Längst haben Influencer alte Werbeformen abgelöst. Während beispielsweise Kinofilme jahrzehntelang eine tragende Rolle bei der Werbung gespielt haben, ist diese Zeit spätestens seit der Dominanz von Instagram, Snapchat, YouTube & Co. endgültig vorbei. Die Grundidee des Influencertums bleibt aber dieselbe wie in den Frühzeiten der Produktplatzierungen in Kinofilmen: Werbung so unauffällig und natürlich zu integrieren wie möglich – und sie nicht wie Werbung aussehen zu lassen.

Wo allerdings früher offensichtlich fiktive Protagonisten als Identifikationsfigur dienten, stünden heute die real existierenden Influencerinnen und Influencer.
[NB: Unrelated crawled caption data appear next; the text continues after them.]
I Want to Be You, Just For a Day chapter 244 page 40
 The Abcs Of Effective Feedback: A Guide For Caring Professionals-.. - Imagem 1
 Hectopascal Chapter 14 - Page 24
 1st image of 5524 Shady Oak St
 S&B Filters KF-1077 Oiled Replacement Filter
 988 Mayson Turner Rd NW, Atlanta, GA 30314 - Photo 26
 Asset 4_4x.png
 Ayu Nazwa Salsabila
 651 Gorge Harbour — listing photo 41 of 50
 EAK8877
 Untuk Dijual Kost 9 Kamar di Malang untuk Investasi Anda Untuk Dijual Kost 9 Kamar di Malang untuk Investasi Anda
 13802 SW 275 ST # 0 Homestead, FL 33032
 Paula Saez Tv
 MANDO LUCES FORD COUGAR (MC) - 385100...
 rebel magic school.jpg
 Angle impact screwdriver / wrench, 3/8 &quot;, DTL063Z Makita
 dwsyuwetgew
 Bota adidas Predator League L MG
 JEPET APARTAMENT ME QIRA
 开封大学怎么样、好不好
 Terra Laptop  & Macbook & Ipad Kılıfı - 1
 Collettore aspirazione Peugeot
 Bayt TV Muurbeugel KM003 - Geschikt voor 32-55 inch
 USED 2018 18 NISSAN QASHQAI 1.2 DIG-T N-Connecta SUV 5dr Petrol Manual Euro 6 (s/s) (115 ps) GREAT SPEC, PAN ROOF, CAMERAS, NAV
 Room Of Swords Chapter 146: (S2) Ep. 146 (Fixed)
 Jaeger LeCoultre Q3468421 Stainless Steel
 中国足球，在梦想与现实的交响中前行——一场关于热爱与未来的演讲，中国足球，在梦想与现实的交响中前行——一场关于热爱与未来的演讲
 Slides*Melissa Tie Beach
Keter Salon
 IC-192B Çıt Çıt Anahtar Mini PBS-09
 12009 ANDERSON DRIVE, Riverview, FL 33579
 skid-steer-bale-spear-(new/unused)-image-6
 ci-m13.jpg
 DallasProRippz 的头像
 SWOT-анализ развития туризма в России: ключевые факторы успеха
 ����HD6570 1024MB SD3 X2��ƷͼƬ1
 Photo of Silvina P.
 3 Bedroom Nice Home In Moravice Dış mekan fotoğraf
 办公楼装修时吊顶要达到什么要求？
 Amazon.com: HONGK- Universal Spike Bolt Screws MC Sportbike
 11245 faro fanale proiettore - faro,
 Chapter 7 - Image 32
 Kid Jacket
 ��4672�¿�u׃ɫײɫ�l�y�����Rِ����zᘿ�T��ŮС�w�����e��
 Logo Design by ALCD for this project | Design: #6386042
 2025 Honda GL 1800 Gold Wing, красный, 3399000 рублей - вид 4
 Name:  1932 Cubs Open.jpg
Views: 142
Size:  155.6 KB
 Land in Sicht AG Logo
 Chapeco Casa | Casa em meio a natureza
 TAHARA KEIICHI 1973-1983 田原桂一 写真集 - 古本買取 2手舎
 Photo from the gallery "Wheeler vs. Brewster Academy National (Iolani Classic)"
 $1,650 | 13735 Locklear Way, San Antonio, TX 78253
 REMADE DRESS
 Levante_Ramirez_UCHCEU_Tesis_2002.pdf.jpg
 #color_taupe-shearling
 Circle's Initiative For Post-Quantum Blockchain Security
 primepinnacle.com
Auf den ersten Blick sind sie jung, sportlich, kreativ und reiseaffin und erzählen aus ihrem Leben. Erst in der Analyse wird deutlich, dass sie zum Teil sehr konservative, stereotype Geschlechterrollen vertreten, Konsum und Kapitalismus bewerben – und ebenso schauspielern wie einst Sean Connery, Roger Moore & Co. in der Rolle als James Bond.

Moderne Testimonials

Influencer seien die moderne, perfektionierte Form des klassischen Testimonials – Prominente, die Produkte empfehlen. In der klassischen Fernsehwerbung naschte Thomas Gottschalk Gummibärchen und Oliver Kahn rief zu Sportwetten auf. Diese Art Werbung lebt von der Glaubwürdigkeit des auftretenden Promis. Die Glaubwürdigkeit leidet hier allerdings darunter, dass es den Zuschauerinnen und Zuschauern verborgen bleibt, ob die Personen privat tatsächlich die beworbenen Produkte konsumieren.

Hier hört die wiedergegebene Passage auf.